> [EXERCISE AIM]
The entries that follow include a run beginning at the line with "Manzini, Manzini Acheter" and ending at the line with "Iron/ironing board, travel"; restate that run word for word and leave the rest out.

[[ INFORMATION, beginning ]]

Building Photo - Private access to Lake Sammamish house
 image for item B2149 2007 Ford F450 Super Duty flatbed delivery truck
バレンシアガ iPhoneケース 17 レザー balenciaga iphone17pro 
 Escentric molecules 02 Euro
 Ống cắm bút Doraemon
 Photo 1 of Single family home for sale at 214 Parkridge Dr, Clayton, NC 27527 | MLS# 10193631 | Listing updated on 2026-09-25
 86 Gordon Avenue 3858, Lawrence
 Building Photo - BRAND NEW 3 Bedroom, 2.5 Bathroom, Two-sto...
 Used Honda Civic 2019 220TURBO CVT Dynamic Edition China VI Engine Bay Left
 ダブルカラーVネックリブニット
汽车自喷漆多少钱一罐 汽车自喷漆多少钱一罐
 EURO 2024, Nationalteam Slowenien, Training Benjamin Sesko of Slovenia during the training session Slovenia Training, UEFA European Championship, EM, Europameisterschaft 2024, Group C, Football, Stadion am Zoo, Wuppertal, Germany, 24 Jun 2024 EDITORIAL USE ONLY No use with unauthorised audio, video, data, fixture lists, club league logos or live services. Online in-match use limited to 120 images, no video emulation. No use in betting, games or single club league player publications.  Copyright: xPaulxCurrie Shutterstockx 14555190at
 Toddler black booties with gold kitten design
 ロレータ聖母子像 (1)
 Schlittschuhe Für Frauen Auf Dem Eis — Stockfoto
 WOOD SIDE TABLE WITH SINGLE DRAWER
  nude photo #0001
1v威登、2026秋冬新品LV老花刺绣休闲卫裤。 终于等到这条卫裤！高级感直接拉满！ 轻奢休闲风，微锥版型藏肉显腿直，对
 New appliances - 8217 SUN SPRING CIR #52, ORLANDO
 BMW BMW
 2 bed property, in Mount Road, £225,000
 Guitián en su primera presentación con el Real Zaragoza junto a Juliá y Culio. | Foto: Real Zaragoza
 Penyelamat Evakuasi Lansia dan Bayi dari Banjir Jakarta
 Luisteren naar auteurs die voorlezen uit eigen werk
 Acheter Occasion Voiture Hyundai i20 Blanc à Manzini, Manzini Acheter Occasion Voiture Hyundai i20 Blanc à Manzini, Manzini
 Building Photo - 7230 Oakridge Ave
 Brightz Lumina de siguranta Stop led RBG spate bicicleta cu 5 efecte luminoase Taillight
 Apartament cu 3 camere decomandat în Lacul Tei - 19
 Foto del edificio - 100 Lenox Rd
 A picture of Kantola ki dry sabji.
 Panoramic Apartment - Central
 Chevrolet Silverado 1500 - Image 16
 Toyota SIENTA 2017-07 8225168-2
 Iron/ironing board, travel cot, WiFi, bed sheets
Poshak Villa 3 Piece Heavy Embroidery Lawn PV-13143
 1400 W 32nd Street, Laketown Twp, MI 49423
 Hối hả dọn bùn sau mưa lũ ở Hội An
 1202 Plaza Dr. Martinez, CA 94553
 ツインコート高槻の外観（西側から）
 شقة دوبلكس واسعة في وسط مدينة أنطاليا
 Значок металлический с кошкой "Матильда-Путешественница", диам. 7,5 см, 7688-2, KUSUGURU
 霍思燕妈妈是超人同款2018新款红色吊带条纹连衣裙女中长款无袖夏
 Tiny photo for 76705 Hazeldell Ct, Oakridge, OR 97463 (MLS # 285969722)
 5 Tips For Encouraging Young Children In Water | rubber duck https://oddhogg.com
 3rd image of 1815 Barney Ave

[[ INFORMATION, end ]]

> [YOUR SOLUTION]
 Acheter Occasion Voiture Hyundai i20 Blanc à Manzini, Manzini Acheter Occasion Voiture Hyundai i20 Blanc à Manzini, Manzini
 Building Photo - 7230 Oakridge Ave
 Brightz Lumina de siguranta Stop led RBG spate bicicleta cu 5 efecte luminoase Taillight
 Apartament cu 3 camere decomandat în Lacul Tei - 19
 Foto del edificio - 100 Lenox Rd
 A picture of Kantola ki dry sabji.
 Panoramic Apartment - Central
 Chevrolet Silverado 1500 - Image 16
 Toyota SIENTA 2017-07 8225168-2
 Iron/ironing board, travel cot, WiFi, bed sheets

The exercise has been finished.